Collectively, these benefits translate to efficiency, flexibility, responsiveness, and affordability. DDM is a manufacturing process that introduces alternatives in product design, manufacturing methodology, and business operations. As an added benefit, many additive manufacturing technologies are fairly “green” processes. They have very little waste material compared with milling processes because only the needed material is used. No unnecessary inventory is produced because there is no benefit to building more than you need at any time. Most additive processes require no harmful chemicals and vent no harmful fumes into the environment. Among other green benefits is the relatively small amount of electricity that is required to produce parts via additive manufacturing.
DDM essentially rewrites the rulebook for making manufacturing decisions. In many instances, it is a polar opposite to conventional production methods. This makes it a disruptive technology, and makes it more difficult to appreciate and comprehend.
In the manufacturing environment, DDM often performs one of two roles. Companies will use the process to manufacture the products it sells, or to make the devices that aid in the manufacturing of the products.
When first introduced to DDM, the application most people envision is the production of finished goods. The word manufacturing conjures images of high-volume production of consumer products. People often jump to the definition “the making of goods on a large scale,” even though manufacturing also means “the making or producing of anything.”
DDM is suited for low-volume manufacturing, not mass production, but before you think, “We can’t use it because we do mass-production,” keep in mind every manufacturer has low-volume needs in the production of manufacturing tools, such as jigs, fixtures, gages, and hand tools.
Producing manufacturing tools presents the ideal opportunity to try DDM. These tools are deployed to make manufacturing and assembly fast, efficient, repeatable, and cost effective. In this manufacturing context, DDM becomes a low-risk, high-return alternative to standard practices.

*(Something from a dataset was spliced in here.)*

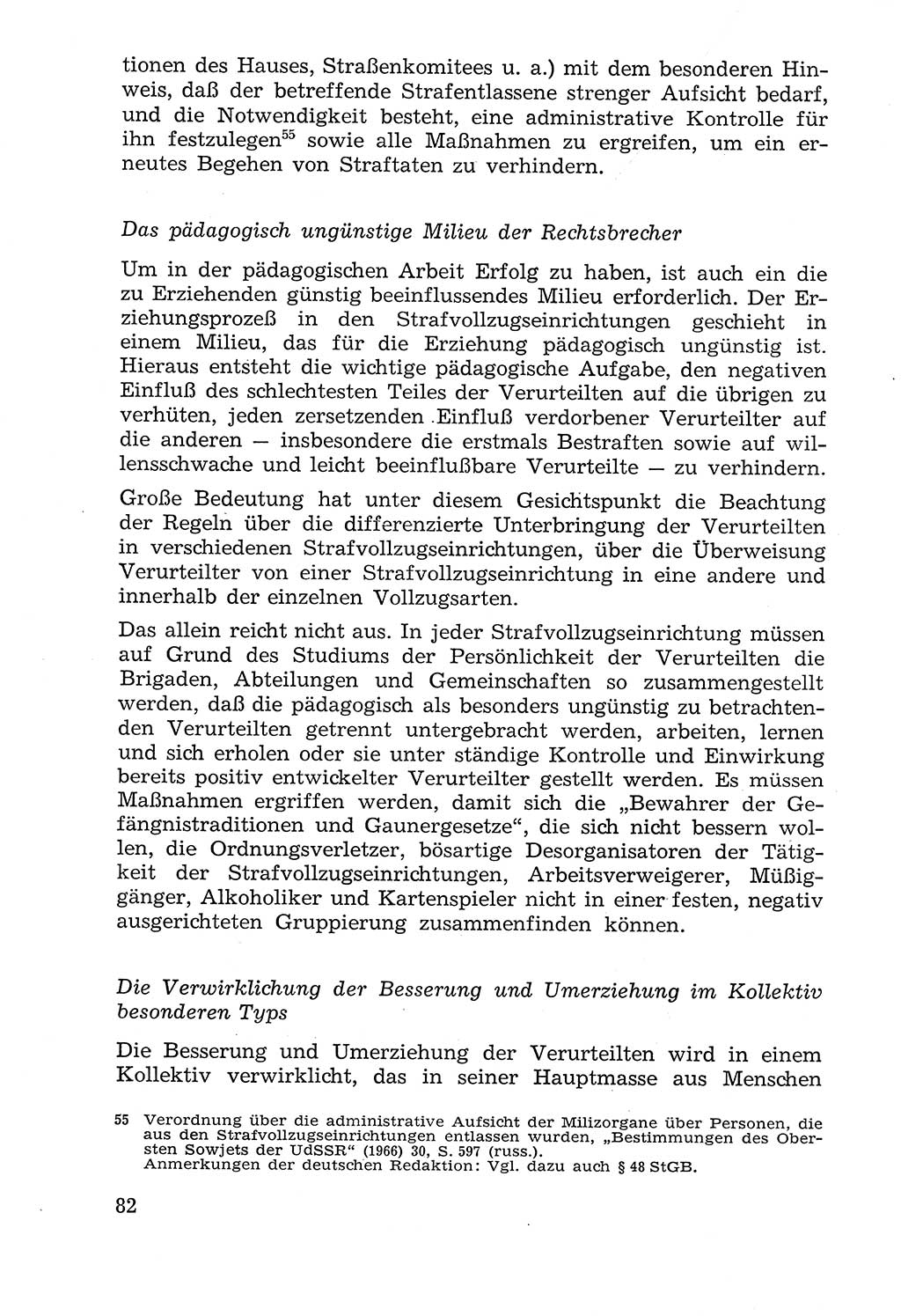 Lehrbuch der Strafvollzugspädagogik [Deutsche Demokratische Republik (DDR)] 1969, Seite 82 (Lb. SV-Pd. DDR 1969, S. 82)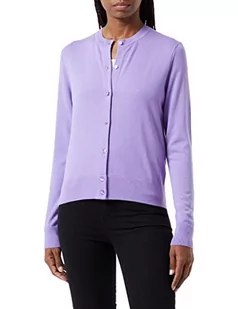 BOSS Damski sweter kardiganowy, jasnofioletowy, XL (DE) - Swetry damskie - miniaturka - grafika 1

Because the tools are used by the company rather than the customer, and the time and cost to produce them is small, an unsuccessful attempt has little consequence. But when successful, DDM has a major impact on productivity, quality, and the cost of producing parts. Performing DDM of manufacturing tools is currently more popular than DDM for end-use parts. That’s partly because it’s such a low-risk opportunity, and partly because every manufacturer has a need for such tools.
Manufacturing can also be a bit of a misnomer when the entire spectrum of industries using DDM is considered. Some of the greatest successes are not in the manufacturing industry. Because of the inherent need for custom-fit devices, the medical and dental professions have been early adopters of DDM. Orthotics, prosthetics, hearing aids, and dental bridges have all benefitted from DDM. Companies have discovered that DDM is a powerful alternative, rather than a direct replacement, to the conventional manufacturing processes.
DDM is a fundamental shift in the approach to making parts. It is a process that employs additive manufacturing to make end-use parts directly from CAD data. DDM is a promising manufacturing alternative that accelerates production and reduces costs while creating new possibilities, and permits new business models. It is unique because it avoids molding, machining, and forming, and it eliminates the constraints that these conventional manufacturing methods impose.